Mother 3 – They just don’t wanna sell it, I guess?

“Hey man your wife is dead but I made you a cool knife I hope that helps”

   Mother 3 is a 2006 RPG developed by Hal Laboratories and published by Nintendo. Development started in 1994 where it jumped from the SNES to the unreleased Nintendo 64 disk drive before finally landing on the Gameboy advance with a 16bit artstyle rather than the 3D art that had been previewed.
   Because the initial release of its predecessor Earthbound was unsuccessful, Nintendo felt that it would be a waste of resources to translate a game released during the last days of the Gameboy Advance and it was never released in North America. However, as soon as the game was released, work began on an unofficial (read:a little illegal) translation patch of the game. Upwards of 30,000$ was allegedly spent on this translation to no material gain and it can now be played on most modern smartphones (until Nintendo decides they don’t want you to anymore).

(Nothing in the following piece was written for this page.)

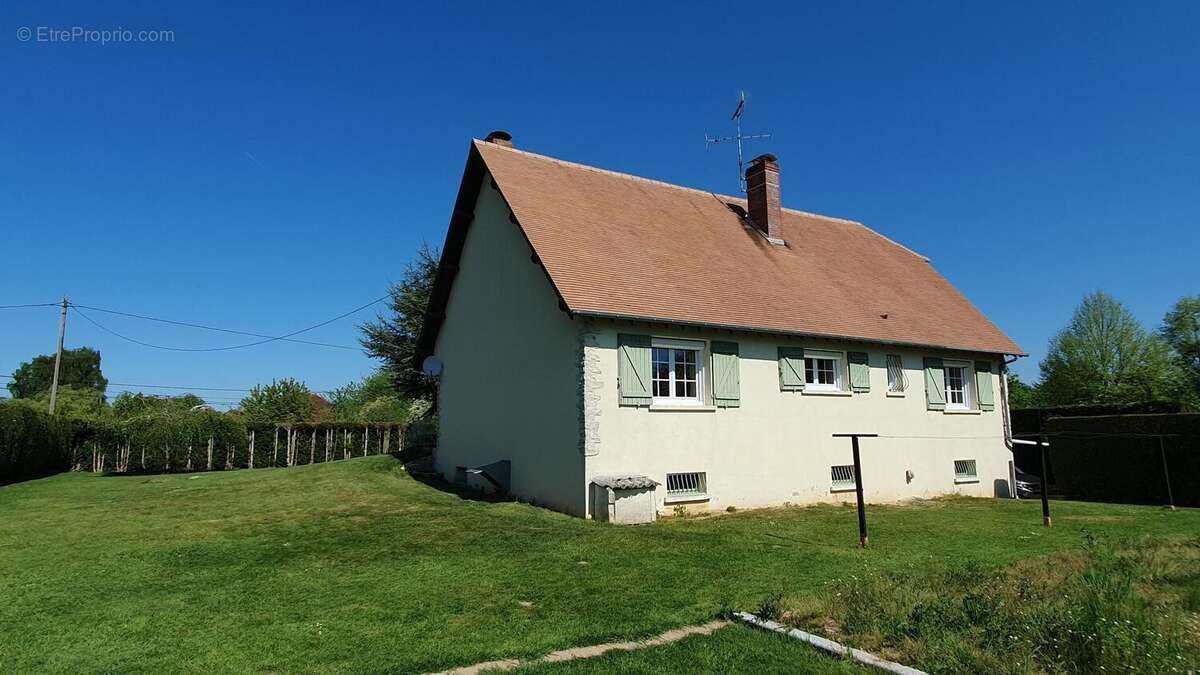 Photo 3 - Maison à PONT-L'EVEQUE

   I had never played Mother 3 or the original Earthbound (which despite its initial sales failure earned cult status years later), but having played it now, I fully understand why people are so desperate for Nintendo to let them throw money at it.
   In this game you play as several characters: Lucas, a shy and quiet boy, his gruff and closed off dad and Duster, a little thief boy who lives in their town; as you navigate the characters grieving over the death of Lucas’s mother at the hands of monsters who have begun invading your idyllic town. At the same time as the monsters, you must investigate pig-faced people who have brought trade, money and capitalism to your town that has never known any of these things. It’s a story about the ways people react to grief; as well as the ways industrialization affects nature and small towns, as you watch your home expand and grow, bakeries turning into restaurants and inns turning into hotels.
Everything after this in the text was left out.